Ali Moshiri, the former president of Chevron's Africa and Latin America division, is returning to Argentina — not through Vaca Muerta this time, but through the mature conventional fields of the San Jorge Gulf Basin.
His firm, Amos Global Energy Management (AGEM), has formed a joint venture with former YPF executive Doris Capurro and Patagonian conventional operator Roch to acquire three conventional blocks in Santa Cruz province in a play built around secondary and tertiary recovery. The deal has not yet been formally announced.
The basin's Atlantic export routes — which bypass the Strait of Hormuz and the Suez Canal — give the play an additional structural dimension as Middle East supply disruption continues to push crude prices higher, making financially viable what did not close at previous price levels.
The consortium operates through Roch Proyectos S.A.U., which also includes a U.S. fund identified by Shale24 as Explorador, whose public identity could not be independently confirmed. The three blocks — Cañadón Yatel, El Guadal–Lomas del Cuy, and Cerro Piedra–Cerro Guadal Norte — sit in the northern sector of Santa Cruz province within the San Jorge Gulf Basin, Argentina's second-largest hydrocarbon-producing region after the Neuquén Basin. The blocks were among 10 mature areas YPF transferred to Fomento Minero de Santa Cruz (FOMICRUZ), Santa Cruz province's state energy and mining company, in June 2025 as part of YPF's 4x4 plan — a strategic program to concentrate capital on four core Vaca Muerta areas while divesting non-core assets. The 10 areas combined were producing approximately 27,760 bbl/d in September 2025, ahead of the production decline recorded during the operational transition period.

Moshiri's Return to Argentina
Moshiri spent 39 years at Chevron, joining as a reservoir engineer in 1978 and retiring in 2017 as president of the Africa and Latin America division. His most cited Argentina transaction is the Loma Campana joint venture — a $1.2 billion agreement with YPF signed in 2013 that became the first major international partnership to unlock Vaca Muerta's development. He founded AGEM in 2019 as a Delaware corporation based in Houston, with a mandate to identify, acquire, and operate undervalued upstream assets in Latin America where institutional capital does not reach — due to regulatory constraints, political risk perception, or deal-size thresholds.

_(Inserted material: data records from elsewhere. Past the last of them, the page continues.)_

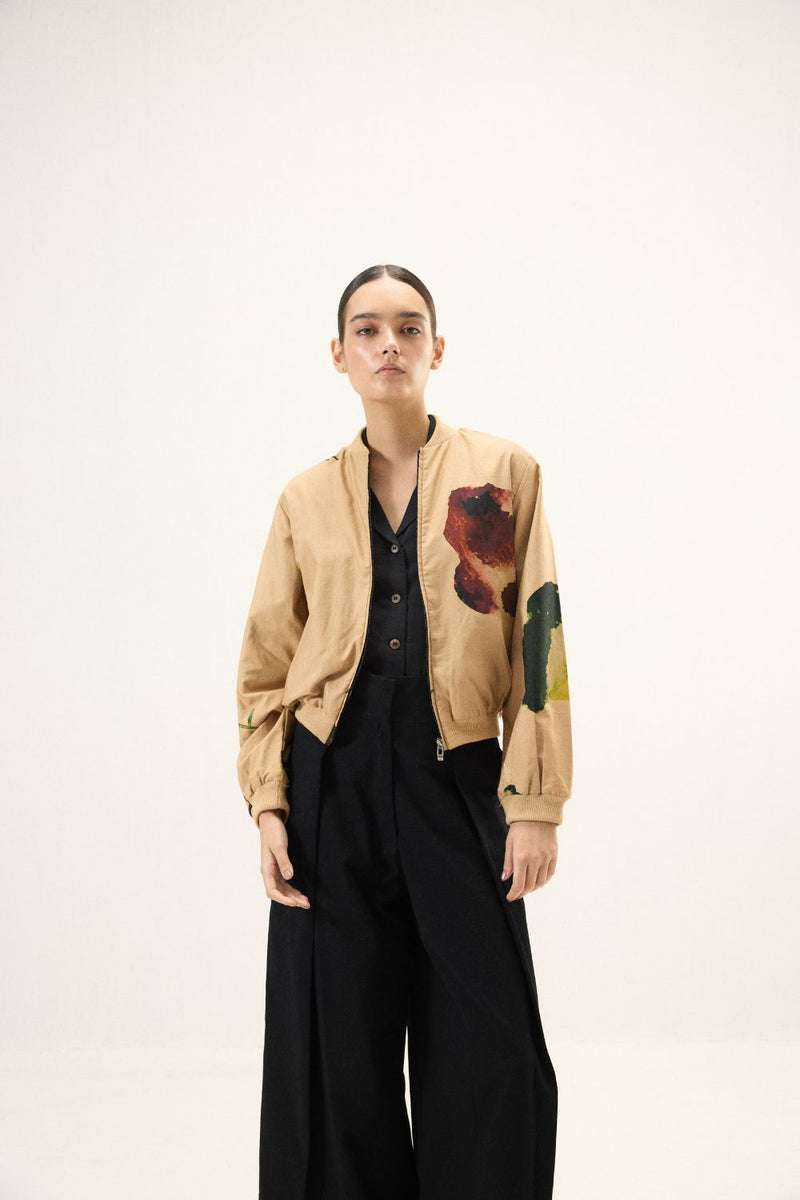 Sunstone Bomber Jacket mulmul by Khara Kapas for women Worldwide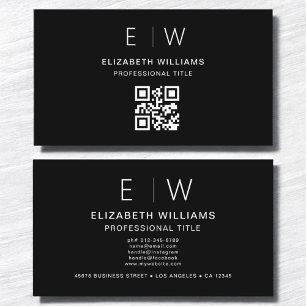Black QR Code Monogram Minimalist Modern Business Card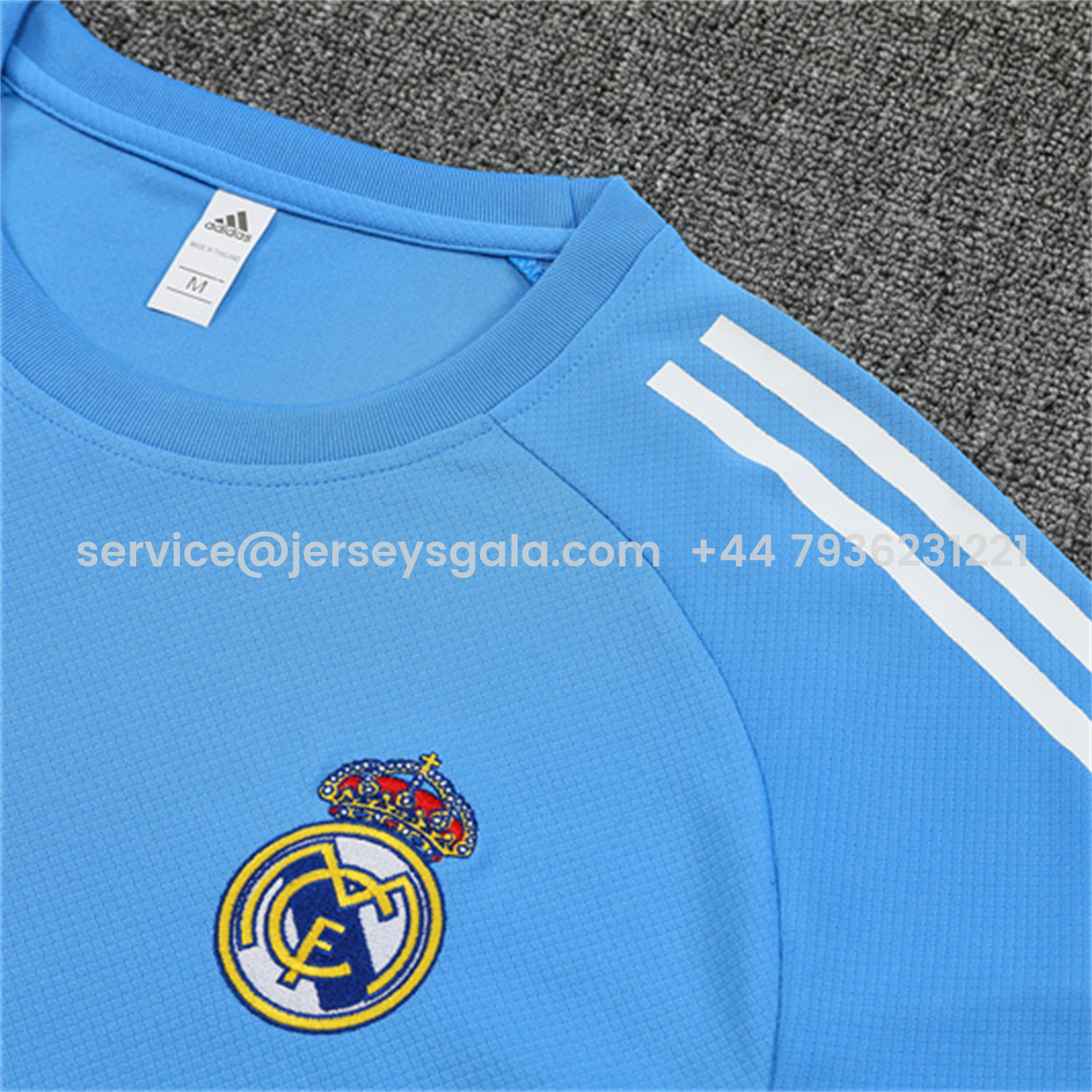 JerseysGala.com | Real Madrid 25-26 Short-Sleeve Training Set - Sky Blue Top and Sky Blue Shorts -Customize Name, Number and Patch | Worldwide Shipping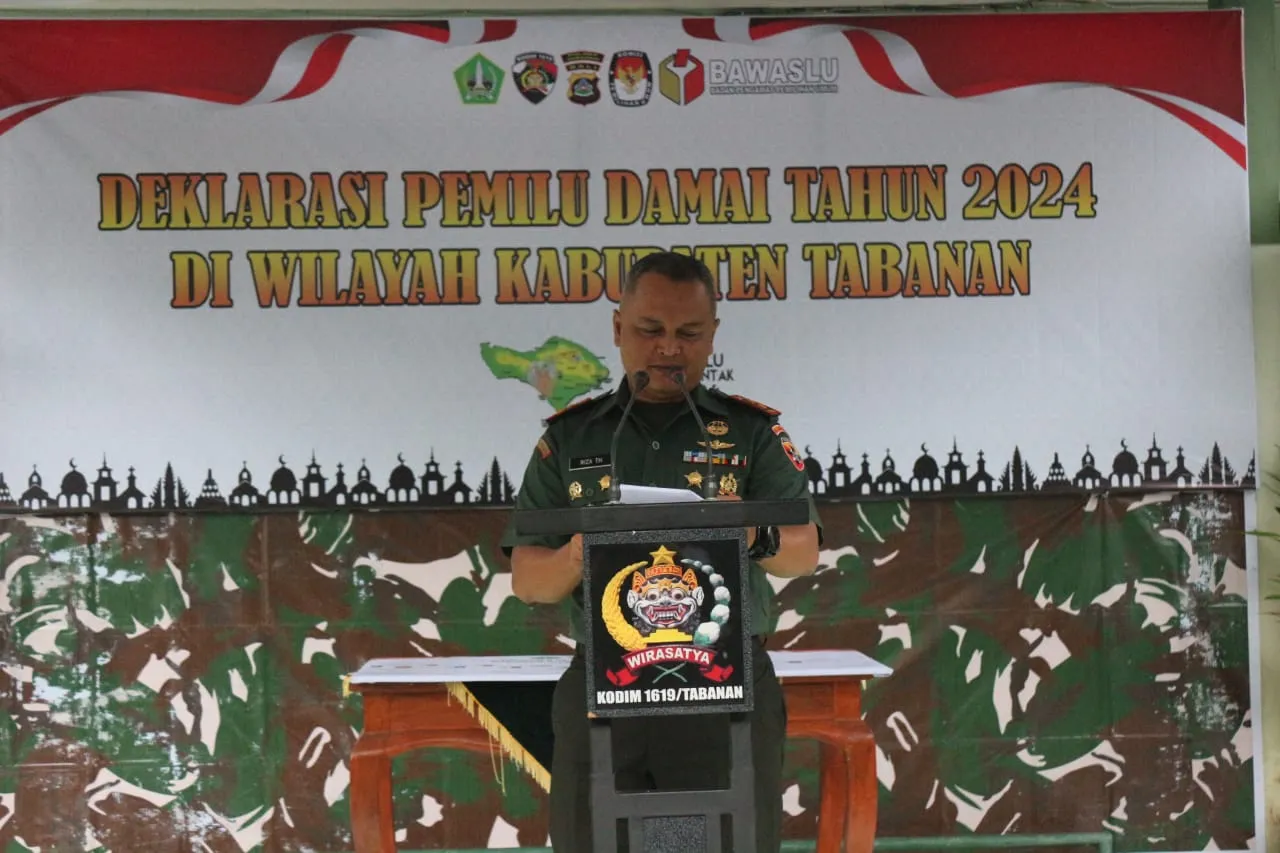 Pegang Teguh Netralitas TNI Dalam Mensukseskan Pemilu 2024, Kodim 1619/Tabanan Gelar Deklarasi Pemilu Damai 2024
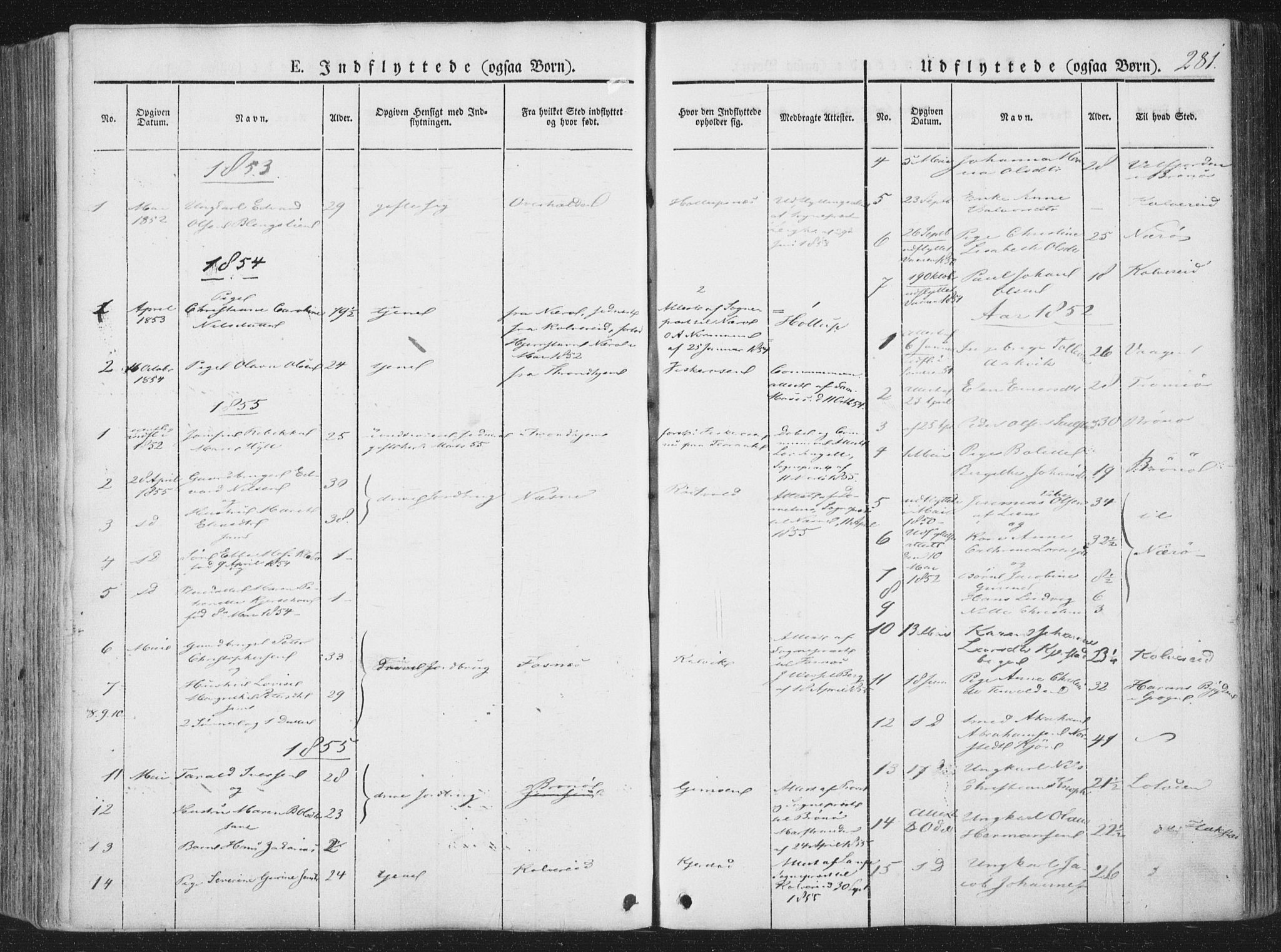 Ministerialprotokoller, klokkerbøker og fødselsregistre - Nordland, AV/SAT-A-1459/810/L0144: Parish register (official) no. 810A07 /1, 1841-1862, p. 281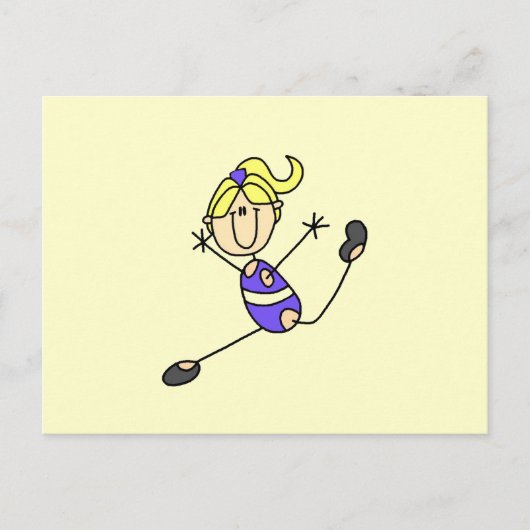 Carte Postale Gymnaste Fille Blonde (Devant)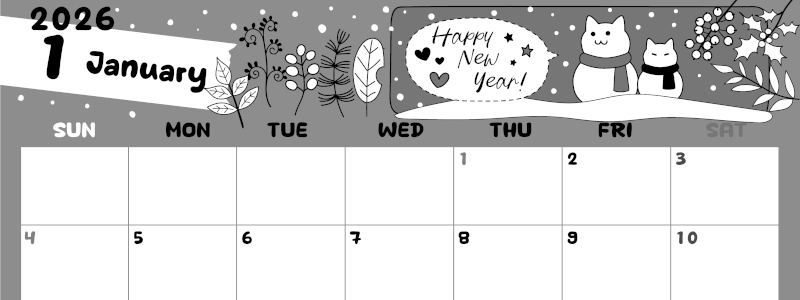 2026年1月横型モノクロの日曜始まり 雪だるま猫イラストのかわいいA4無料白黒カレンダー(2026-00380100)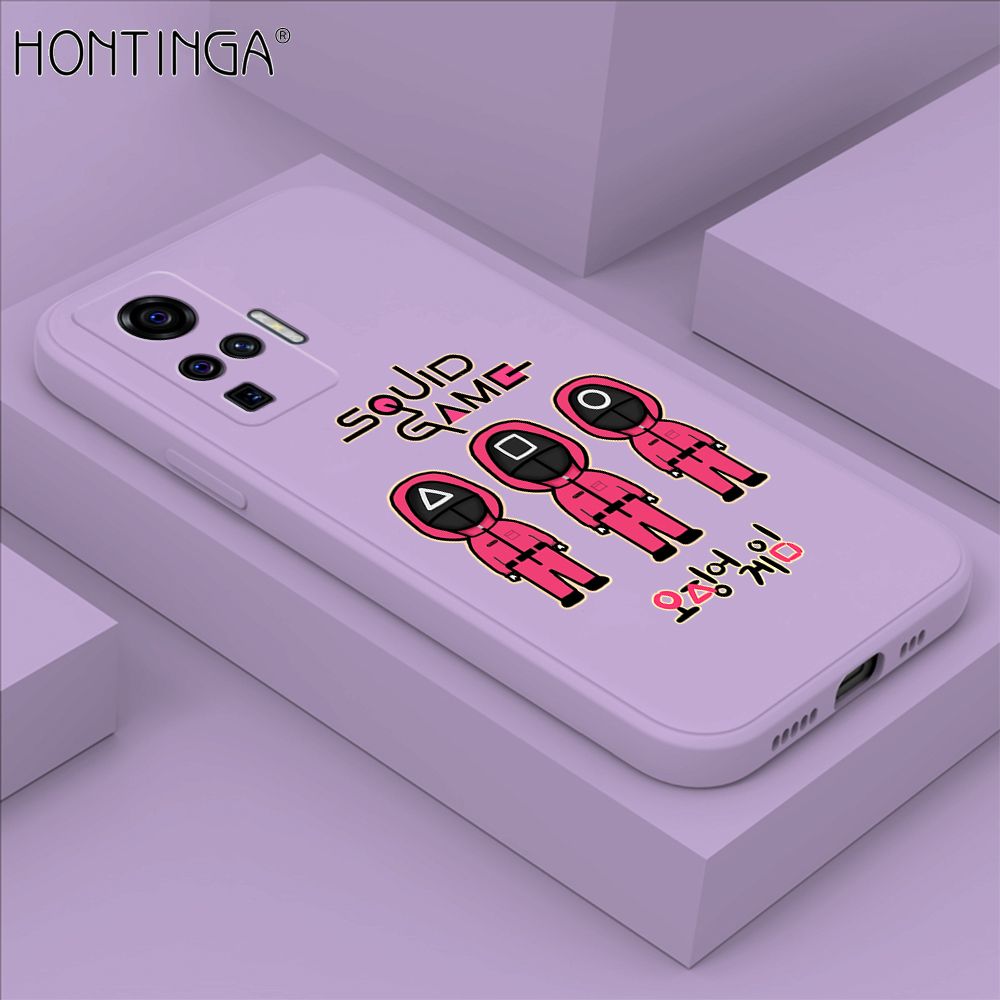 Hontinga for Vivo X50 Pro 5G Case Trend Cartoon Korean Squid Phone Cover Liquid Silicone Case Phone Protective Case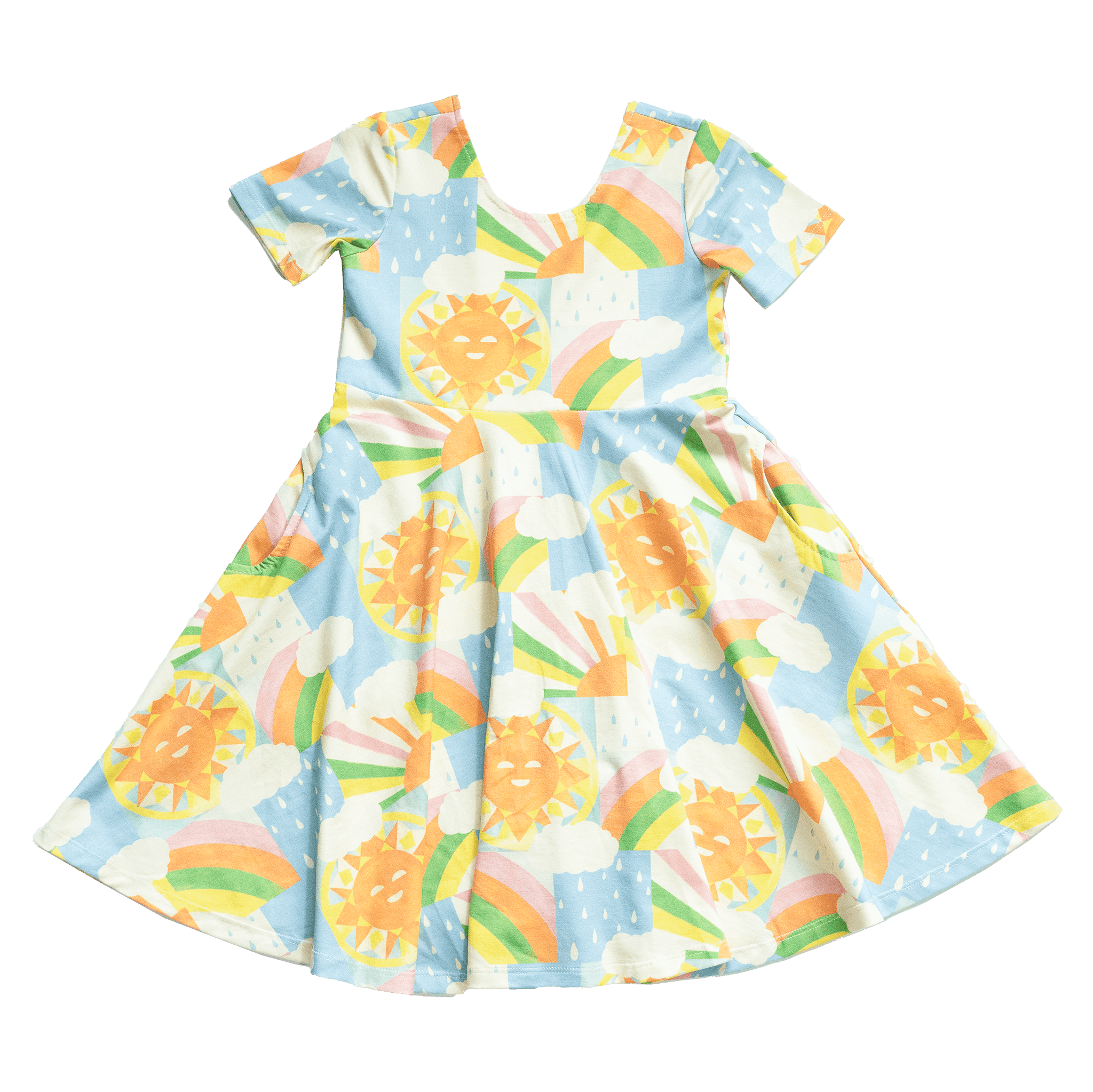 Anise & Ava exclusive hand drawn Sun print eco friendly printed on luxury stretch cotton. Designed and made to match siblings styles. Short sleeves Journey dress is Anise & Ava best selling style, made with deep pockets to hold all the treasures. Siblings matching styles are Brooklyn tee & Charlie baby dress. 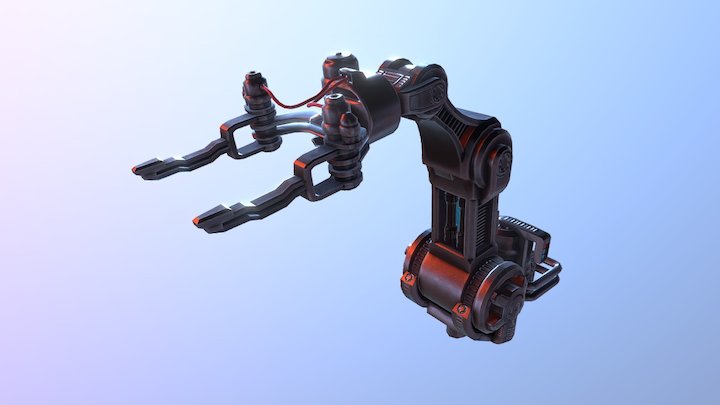 WIP - SciFi Factory Crate Loading Arm 3D Model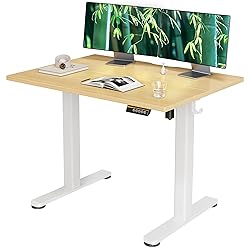 Claiks Bamboo Electric Standing Desk, Adjustable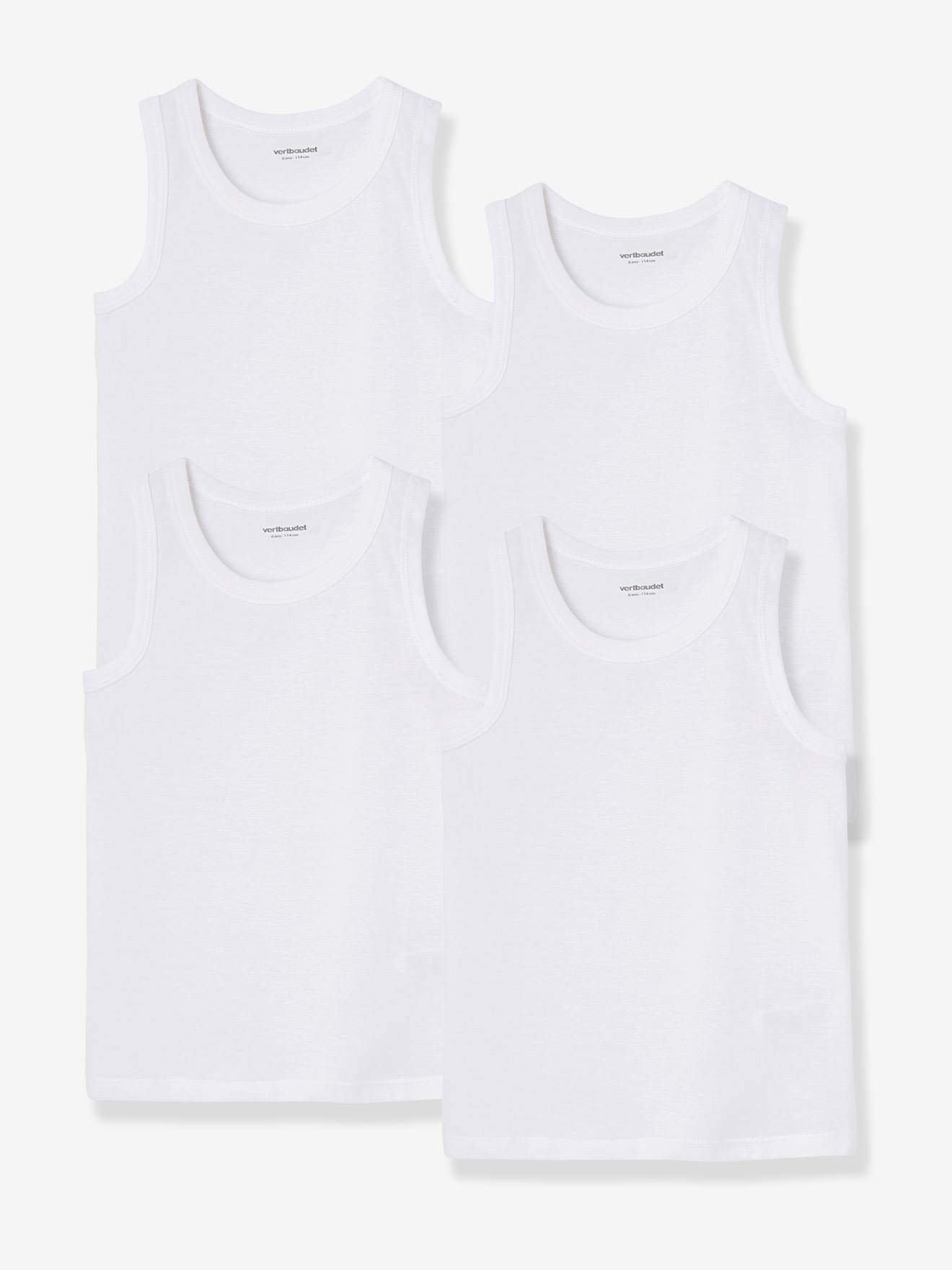 Set van 4 onderhemdjes wit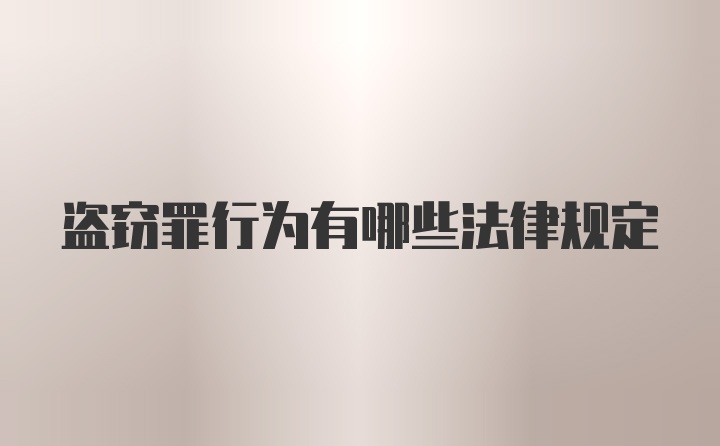 盗窃罪行为有哪些法律规定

AGEM's existing portfolio reflects that thesis. In Venezuela, the firm signed an agreement to acquire Sinopec's 32% stake in PetroParia, a joint venture operating in the Golfo de Paria, an offshore producing region in the northeastern part of the country, pending U.S. and Venezuelan regulatory approval. AGEM is also raising up to $2 billion in a new Venezuela-focused fund alongside Gramercy Funds Management, a global emerging markets investment manager, contingent on sanctions relief. A 2019 attempt to enter Vaca Muerta through Gas y Petróleo del Neuquén (GyP), Neuquén province's state oil and gas company, did not materialize. The San Jorge Gulf Basin acquisition marks a different Argentine entry point.
Capurro and Roch
Doris Capurro served as YPF's vice president for institutional affairs from 2012 to 2015 — a tenure that spanned the negotiations culminating in the Loma Campana agreement with Chevron, placing her and Moshiri on opposite sides of the same table more than a decade ago. After leaving YPF in 2015, she founded LUFT Energía, an Argentine energy investment fund that participated in structuring the first wind farm awarded under RenovAr, Argentina's competitive renewable energy auction program, operating in partnership with Pampa Energía, a diversified Argentine energy company, and Castlelake, a U.S. private equity fund. Her entry into conventional upstream represents a portfolio shift: from renewables to mature crude.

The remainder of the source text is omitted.